Task brief | Your job is to return the whole listing unchanged while skipping its images.

Data excerpt |
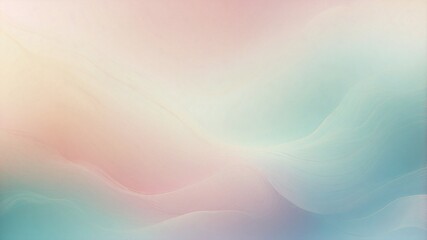 Abstract Pastel Gradient Wallpaper with Soft Pink, Baby Blue, Mint Green, and Creamy Yellow Tones
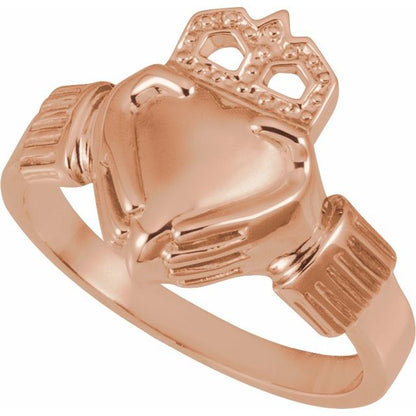 14.5x10.5 mm Ladies Claddagh Band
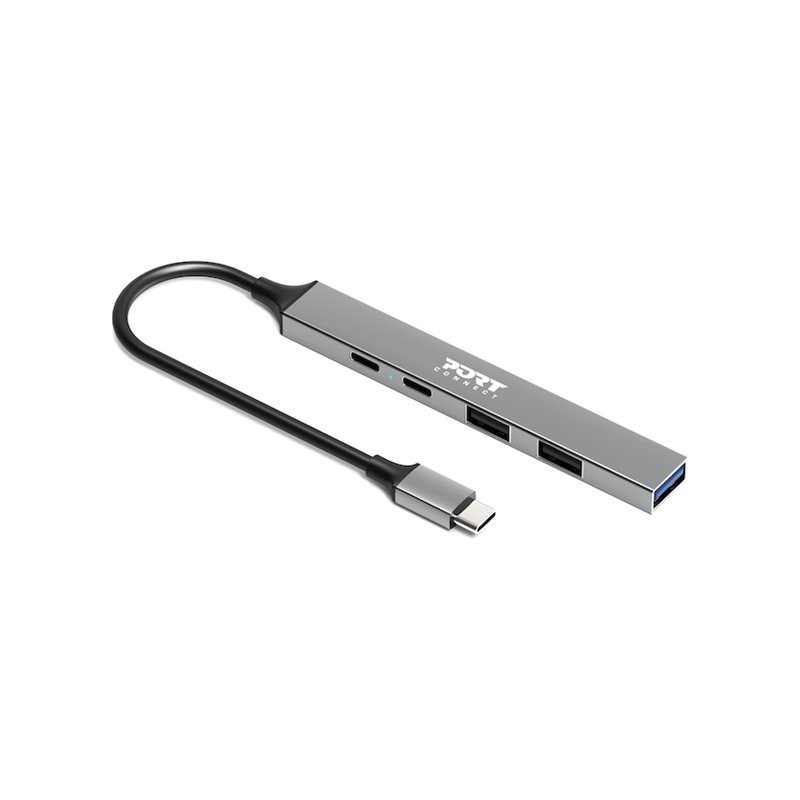 PORT CONNECT | USB-C Hub with 4 USB ports, 1X USB-C, 100W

Solution to the problem |
 Abstract Pastel Gradient Wallpaper with Soft Pink, Baby Blue, Mint Green, and Creamy Yellow Tones
 14.5x10.5 mm Ladies Claddagh Band
 PORT CONNECT | USB-C Hub with 4 USB ports, 1X USB-C, 100W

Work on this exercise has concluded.